The Tragic Death of the Newspaper?

By Lisa Lewis

Published March 2, 2009

It isn’t news to anybody that news desks across the country are cutting their numbers. My hometown paper, the Rocky Mountain News, said goodbye to its role as the “other side” news source in Colorado this past Friday.

It’s a tough business, for sure. It’s hard to charge people for information because of ease of access, but there certainly have to be some costs to produce it. (It’s Xavier’s Time Inconsistency problem with a public good playing itself out on a national scale!)
When a reporter travels across the country to cover a basketball game and writes up a recap, the story can get picked up by the blogosphere in minutes and plagiarized ad nauseam. There’s no need to reimburse the reporter for his or her work. Ultimately, the score of the game has become public knowledge, despite any costs to make it that way.

Some papers have tried to solve this problem.

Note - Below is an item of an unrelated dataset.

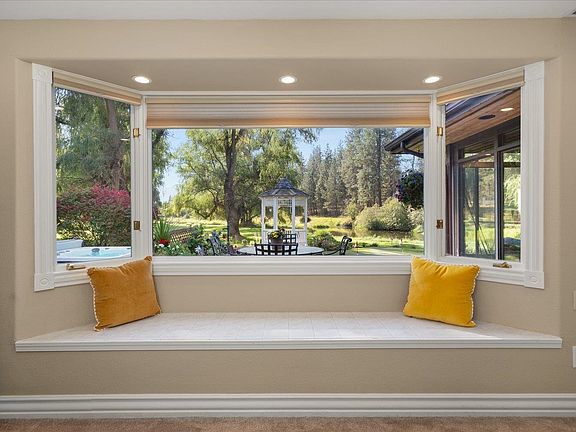 4th image of 3207 E River Glen Dr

Some Hearst-published papers are going to start charging to view online content—worries about budgets and solvency have made news sources beholden to subscribers again. Hearst is by no means the be-all, end-all publishing source for the nation’s news, so I wonder if they’ll see the profits they’re hoping for.

If it’s become harder to access the news, then pursuing journalistic ambition has become that much more difficult. There is a hiring freeze at most magazines in the city, and newspaper jobs are dissolving. A friend of mine who had a job offer from a newspaper received an updated offer stipulating that she could be laid off at any time, for any reason. It’s a small consolation that at least her offer was not rescinded completely.

All these economic ramifications at big news desks are significant, but small publications are suffering even more. Your precious Spectator, for example, relies heavily on local businesses to place ads in the paper in order to fund its publication in print. It’s no surprise that advertisers are reluctant to pay for ads in a print newspaper with such a small circulation when they are struggling to turn a profit themselves.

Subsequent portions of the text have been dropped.